## RECORDS
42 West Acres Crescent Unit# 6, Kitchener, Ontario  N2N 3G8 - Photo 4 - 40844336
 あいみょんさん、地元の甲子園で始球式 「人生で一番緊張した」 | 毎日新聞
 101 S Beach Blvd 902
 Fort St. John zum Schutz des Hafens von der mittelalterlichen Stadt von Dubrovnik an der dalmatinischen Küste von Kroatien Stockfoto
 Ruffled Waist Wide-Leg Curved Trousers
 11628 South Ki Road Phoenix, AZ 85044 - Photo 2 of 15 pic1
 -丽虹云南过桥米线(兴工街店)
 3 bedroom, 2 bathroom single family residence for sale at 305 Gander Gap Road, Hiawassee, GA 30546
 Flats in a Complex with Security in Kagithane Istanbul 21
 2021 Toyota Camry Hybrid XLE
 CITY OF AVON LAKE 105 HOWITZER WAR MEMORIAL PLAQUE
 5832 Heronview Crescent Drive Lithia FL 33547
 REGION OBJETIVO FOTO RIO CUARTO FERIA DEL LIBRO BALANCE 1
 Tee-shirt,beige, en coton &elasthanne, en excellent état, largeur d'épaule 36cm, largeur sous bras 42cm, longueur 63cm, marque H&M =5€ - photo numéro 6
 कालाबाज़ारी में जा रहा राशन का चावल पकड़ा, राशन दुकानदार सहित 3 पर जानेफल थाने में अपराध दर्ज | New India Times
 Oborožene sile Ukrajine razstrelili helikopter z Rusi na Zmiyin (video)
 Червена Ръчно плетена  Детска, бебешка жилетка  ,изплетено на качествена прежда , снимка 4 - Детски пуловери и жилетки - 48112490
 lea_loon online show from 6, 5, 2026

## WORK ORDER
Return the material exactly as it was provided.

## WORKED SOLUTION
42 West Acres Crescent Unit# 6, Kitchener, Ontario  N2N 3G8 - Photo 4 - 40844336
 あいみょんさん、地元の甲子園で始球式 「人生で一番緊張した」 | 毎日新聞
 101 S Beach Blvd 902
 Fort St. John zum Schutz des Hafens von der mittelalterlichen Stadt von Dubrovnik an der dalmatinischen Küste von Kroatien Stockfoto
 Ruffled Waist Wide-Leg Curved Trousers
 11628 South Ki Road Phoenix, AZ 85044 - Photo 2 of 15 pic1
 -丽虹云南过桥米线(兴工街店)
 3 bedroom, 2 bathroom single family residence for sale at 305 Gander Gap Road, Hiawassee, GA 30546
 Flats in a Complex with Security in Kagithane Istanbul 21
 2021 Toyota Camry Hybrid XLE
 CITY OF AVON LAKE 105 HOWITZER WAR MEMORIAL PLAQUE
 5832 Heronview Crescent Drive Lithia FL 33547
 REGION OBJETIVO FOTO RIO CUARTO FERIA DEL LIBRO BALANCE 1
 Tee-shirt,beige, en coton &elasthanne, en excellent état, largeur d'épaule 36cm, largeur sous bras 42cm, longueur 63cm, marque H&M =5€ - photo numéro 6
 कालाबाज़ारी में जा रहा राशन का चावल पकड़ा, राशन दुकानदार सहित 3 पर जानेफल थाने में अपराध दर्ज | New India Times
 Oborožene sile Ukrajine razstrelili helikopter z Rusi na Zmiyin (video)
 Червена Ръчно плетена  Детска, бебешка жилетка  ,изплетено на качествена прежда , снимка 4 - Детски пуловери и жилетки - 48112490
 lea_loon online show from 6, 5, 2026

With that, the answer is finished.